Nappy, of hair, means having tight bends or curls. Kinky hair.
Black and brown women of all races have suffered from criticism for having kinky, tightly coiled hair. Society calls it nappy. If one has naturally curly hair, whether or not it is a tight curl or a looser curl, the individual deemed has nappy hair.
Since African-American Garrett Augustus Morgan invented the relaxer in 1877, some black and brown women used relaxers to change the chemical make-up of their naturally curly hair. After a black or brown woman uses a relaxer, their once curly hair turns bone straight. The technique of relaxing hair typically is done, at home or by a professional, every four weeks.
Ebbra, a licensed practical nurse, said she has used relaxers for more than 15 years. “Using relaxers was a norm while growing up. For as long as I could remember, my mama relaxed my hair. I don’t know why she relaxed my hair so early in my childhood.”
Some black and brown women would also wear their hair in braids, cornrows or single, individual braids. Other hairstyles for black and brown women typically include extensions (weaves, wigs), two strand twists and dreadlocks.
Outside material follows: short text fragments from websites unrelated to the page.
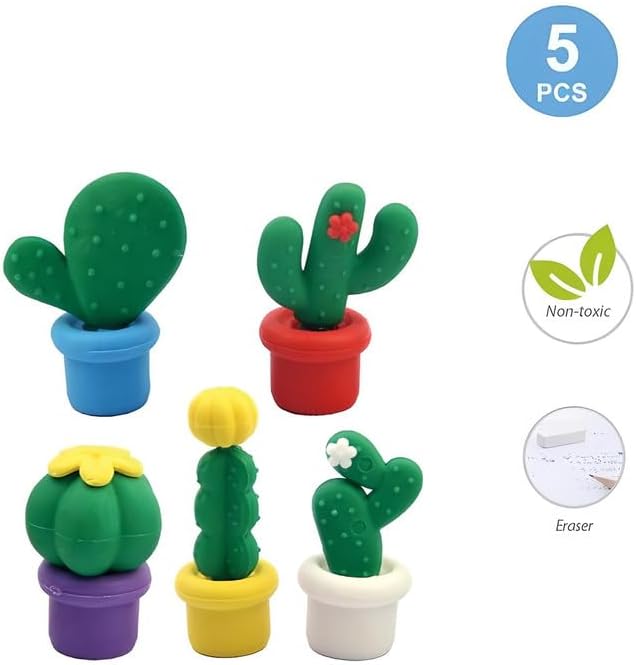 120 Pieces 5 Assorted Plant Shaped Erasers (Colorful Stationery for School and Office)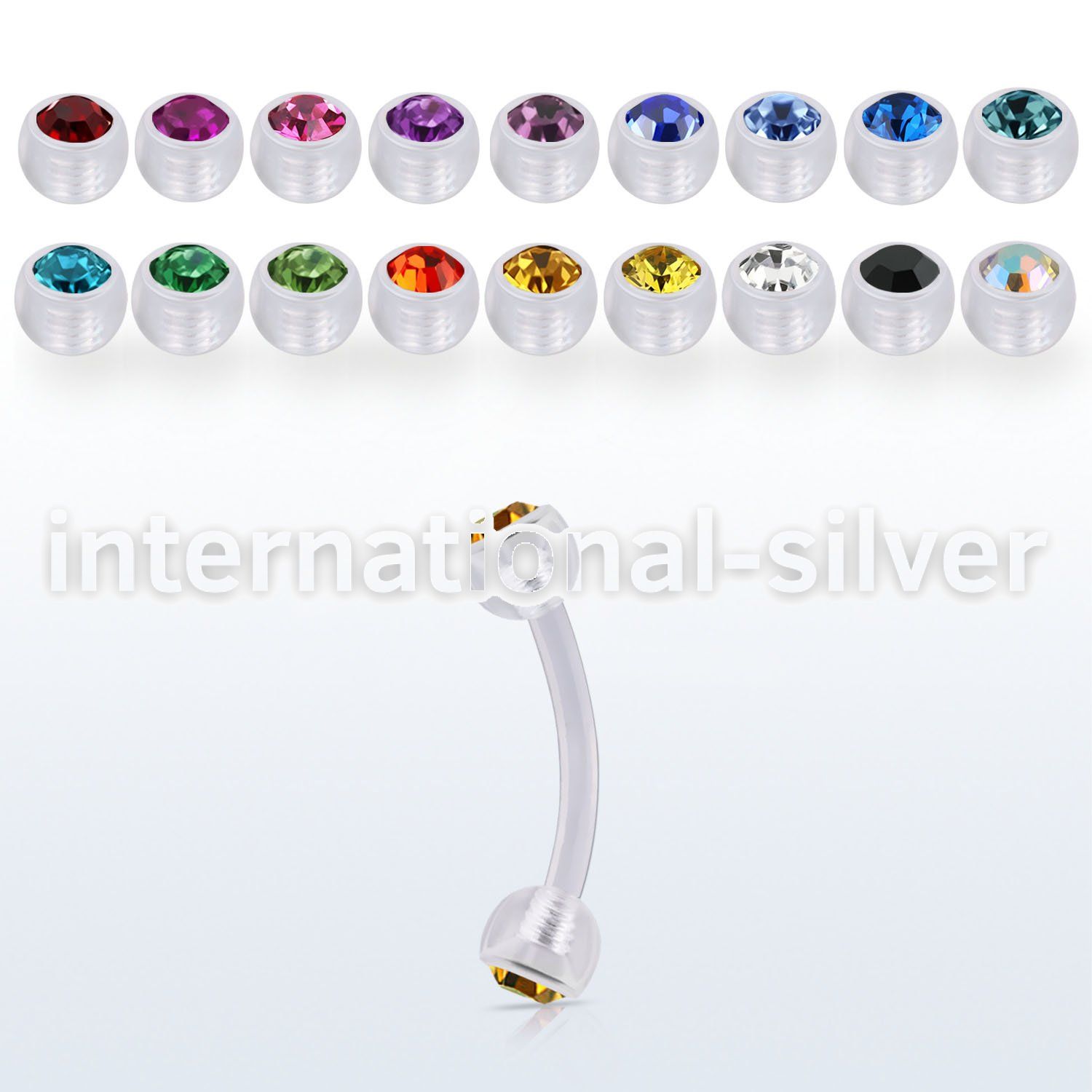 abneajb4 acrylic eyebrow banana w 4mm balls w bezel set crystals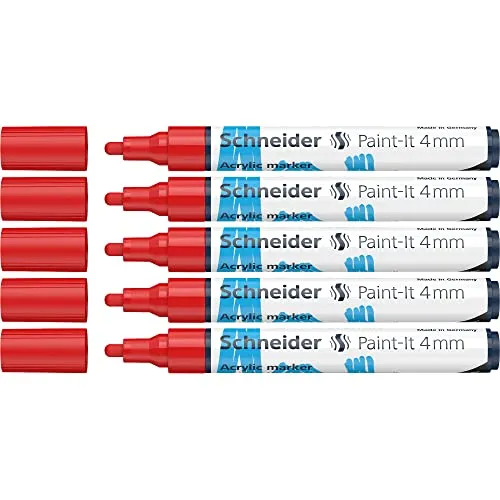 Schneider 120202 Paint-It Acrylstifte (mit 4 mm Rundspitze, hochdeckende Acrylfarben für Holz, Leinwand, Stein uvm.) 5er Pack, rot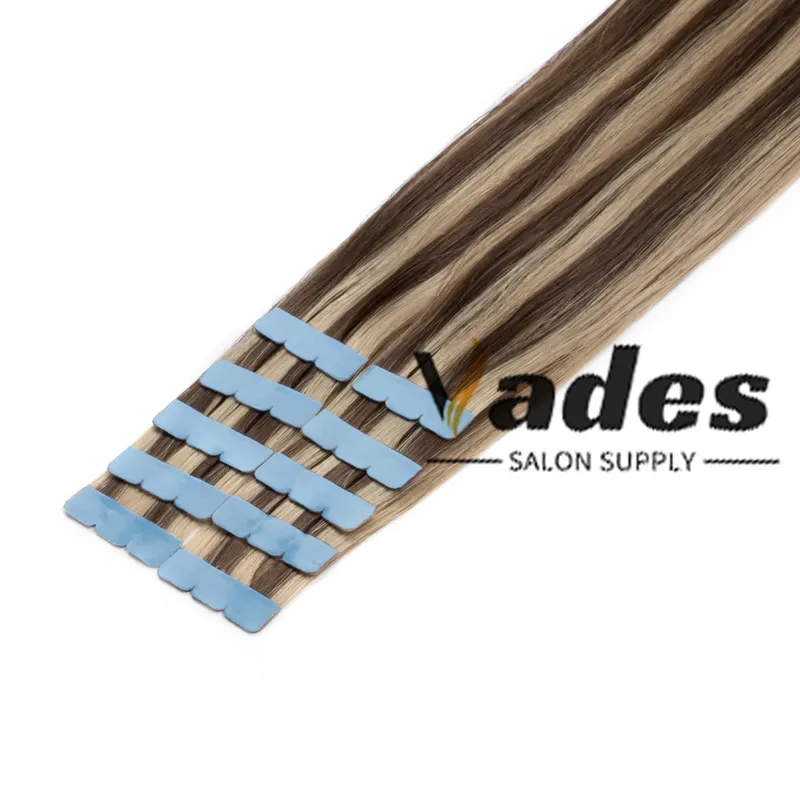 10Pcs Natural Real Smooth Remy Human Hair Mini Tape in Skin Weft Hair Extensions Soft Touch Texture Natural Shine Daily Use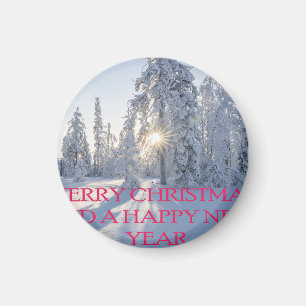 SNEEUW,TREES,DE ZON, KLAAR VOOR CHRISTMAS MAGNEET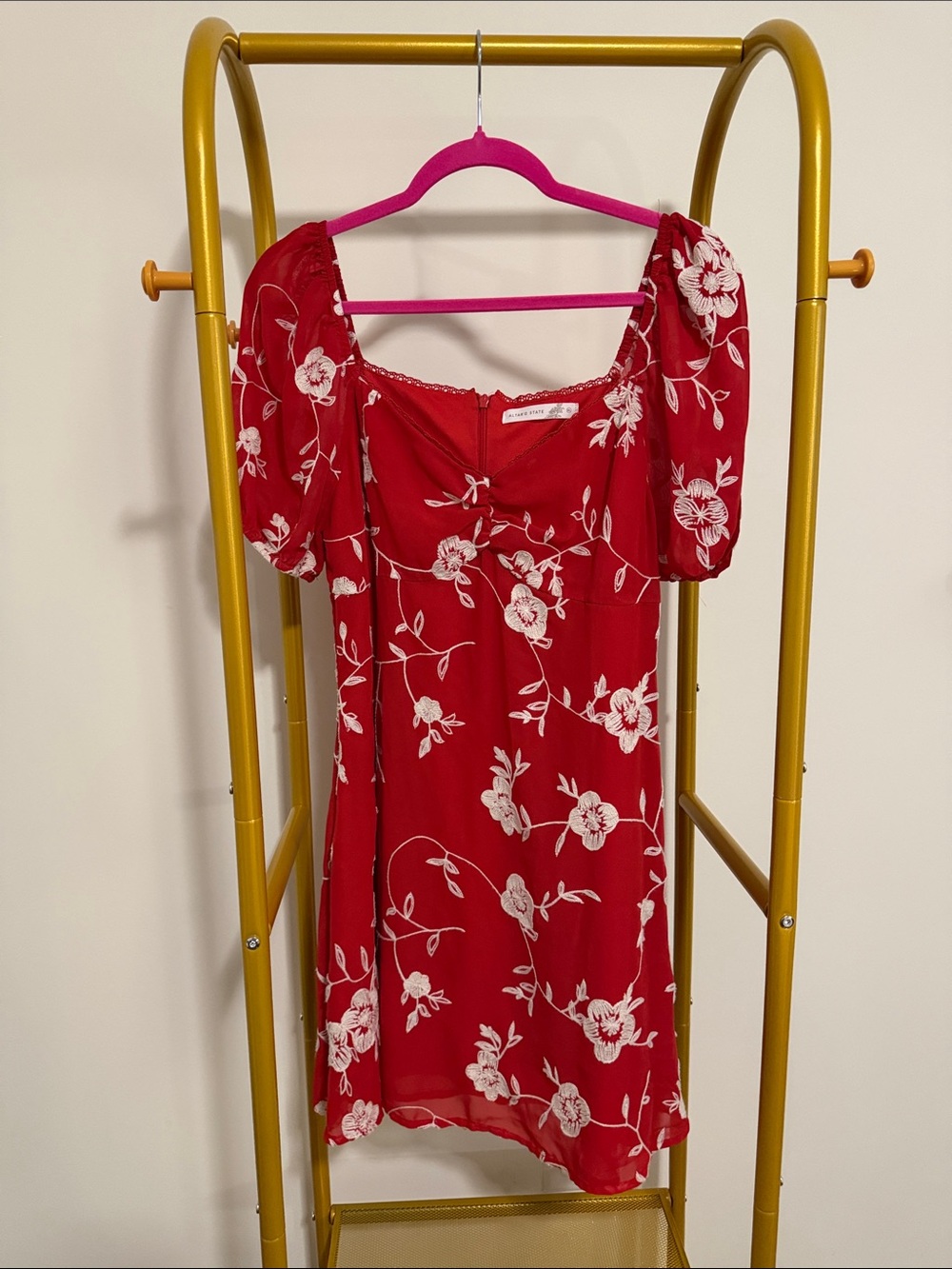 Altar'd State Red Floral Mini Dress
A black or brown woman would do anything she could do to conceal her natural, kinky, curly roots.
Jasmine T. said she typically wears her kinky, curly roots in a kempt bun. Working as a project manager, she said the is pressure to keep her hair in a more straightened form. “Sometimes I’m nervous about the reaction if I did decide to wear my afro, one day,” Taylor said. “I am sometimes questioned about my hair whenever I wear braids. My coworkers are very intrigued by it.”
On July 28, a state representative for Kentucky brought attention to a school in Louisville. A new dress code policy was set to debut fall of 2016. According to WBIR news, the policy stated, “Hairstyles that are extreme, distracting, or attention-getting will not be permitted. No dreadlocks, cornrolls, twists, mohawks, and no jewelry will be worn in the hair.”
Shortly after the new dress code and hair policy reached the mailboxes of future students and parents, an immediate outcry came from the black and brown community.
WBIR also reported one mother tweeting her complaint, mentioning the school directly. The mother tweeted that her child is not happy about not being to wear her natural, nappy hair because it has been deemed as “extreme, distracting, or attention-getting.”
Discrimination of a black or brown woman’s hair extends beyond an explicitly written school policy. Policies, guidelines, and standards are implicitly stating that it is not okay for black and brown women to wear their hair in its natural, kinky form.
Ebbra and Jasmine T. both agreed there is an unspoken stigma about their natural roots. “I am questioned about my hair daily,” Ebbra said. “It’s not uncomfortable for me to answer their questions about my hair. I have faced a little bit of discrimination. I could tell by the look on the interviewer’s face when I entered the room. This was while job searching, but overall there weren’t any problems.”
Some businesses and organizations would state hair should be “straightened” or it should be “pulled up into a neat high bun.” If the hair isn’t straight and neat, it is seen to be unprofessional and unkempt. For that reason, the black and brown woman are essentially afraid to wear their natural, nappy hair in a professional setting.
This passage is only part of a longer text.